Emerson stresses that the movie “is not about Islam the faith.
We’re talking about political Islamism, the Muslim Brotherhood.
That’s
not to be conflated with Islam in general or all Muslims.”
Emerson adds
that Muslim Brotherhood leaders based in America “know how to use our systems of
laws for their purpose. They openly talk about twisting the system because we’re
such a tolerant country.”
The film documents the start of the
Muslim Brotherhood in 1920s Egypt, its clash with the Egyptian state, its move
to Saudi Arabia and subsequent spread around the world, with a focus on the
US.
It features several well-informed and captivating sources on the
movement, such as Nathan Garrett, a former FBI agent and federal prosecutor who
investigated the Muslim Brotherhood over several years.
“The Muslim
Brotherhood is an international movement, the goal of which is to create an
Islamic state universally, all over the world.
The Muslim Brotherhood
operates in various countries around the world and, as we learned in the course
of our investigation and our work, the United States was one of those,” Garrett
says on camera.
Kamal Helbawy, a Western Muslim Brotherhood leader, is
the only member of the movement who agreed to be interviewed.
“I give him
credit for appearing,” Emerson says. “He tried to believe no one ever had tapes
from behind closed doors.
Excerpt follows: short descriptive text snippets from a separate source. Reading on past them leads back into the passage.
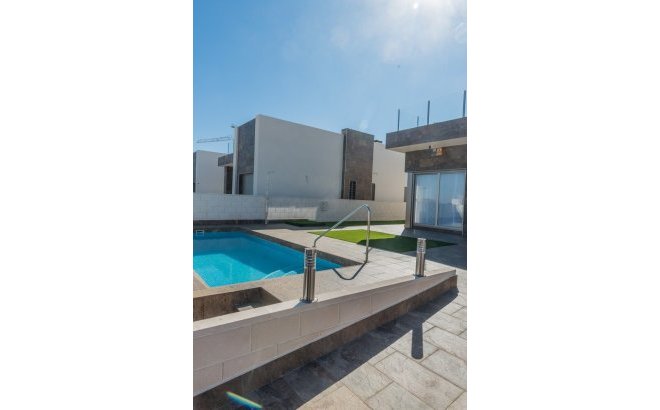 Nieuwbouw Woningen - Villa - Orihuela Costa - PAU 8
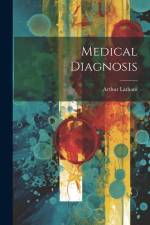 Medical Diagnosis af Arthur Latham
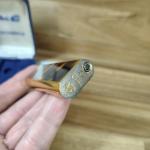 Colibri Touch Sensor Pocket Lighter - Black Gold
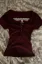 Wine Scoop Neck T-Shirt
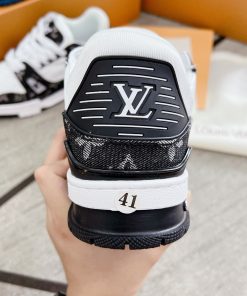 Giay Sneaker Luxury Louis Vuitton Like Auth3131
Again, that’s the major shock in watching this film –
the juxtaposition of what these groups say in public and in private.”
The
Muslim Brotherhood’s US infrastructure has links to its counterpart in Egypt,
Emerson says. “They have a joint agenda, and that increases their leverage on
the White House,” he adds.
Egyptian scholar and Muslim Brotherhood expert
Mamoun Fandy, who appears in the movie, tells viewers, “The Muslim Brotherhood
had twin strategies.
The first strategy is its public face, which is a
political organization, with charitable organizations… But the core of the
organization and the master plan of the organization is a sense of world
domination. Their ambition is limitless.”
Emerson says it is not the job
of law enforcement to tackle the challenge, but rather that of the media and
non-governmental organizations.
“The FBI’s role is not to serve as a
lie-detector test. It’s to stop criminal plots, or solve them. You don’t go to
jail for lying to the American public.
It’s up to the media and
nonprofits, just as they outed David Duke and the KKK and delegitimized them.
But unfortunately, the [Muslim Brotherhood] groups have been able to co-opt the
media or engage them as ideological collaborators by pretending to serve as
religious civil rights groups when they are, in fact, anything but,” says
Emerson.
Islamist groups use the threat of labeling those who challenge
them as Islamophobic with devastating efficiency, he adds.
They have also
been able to deceive law enforcement, local and federal government and even
Hollywood directors, Emerson argues. His film backs up these charges with hard
evidence.
Asked how he was able to penetrate the groups he investigated,
Emerson says, “I’ve been very fortunate to achieve this capability of acquiring
information. I can’t get into specifics – I can’t endanger them [the inside
sources]. They’re more likely to come to me if they’re ideologically predisposed
than to the FBI, because they know I will not force them to
testify.”
Ex-Islamist militant Abdur-Rahman Muhammad says in the film,
“There’s some good people in these organizations.
And a lot of them,
themselves, don’t even know the inner workings of the Brotherhood. But you have
to know the personalities who founded these things. You have to look at what
they were calling themselves before they changed the name. You have to follow
the paper trail.”
The film includes a 90-second clip featuring a 2010
House Judiciary Committee in which US Attorney-General Eric Holder refused to
name radical Islam as the common factor behind the previous 20 attacks on the
United States.
Emerson says it is a “stunning piece of video,” adding,
“In the same way, you have the Department of Homeland Security appointing
members of the Muslim Brotherhood and issuing alerts that there’s no common
denominator behind the attacks.”
Asked why none of the groups featured in
the film responded to the movie, Emerson says that after realizing that their
speeches had been recorded, “They knew they couldn’t win.”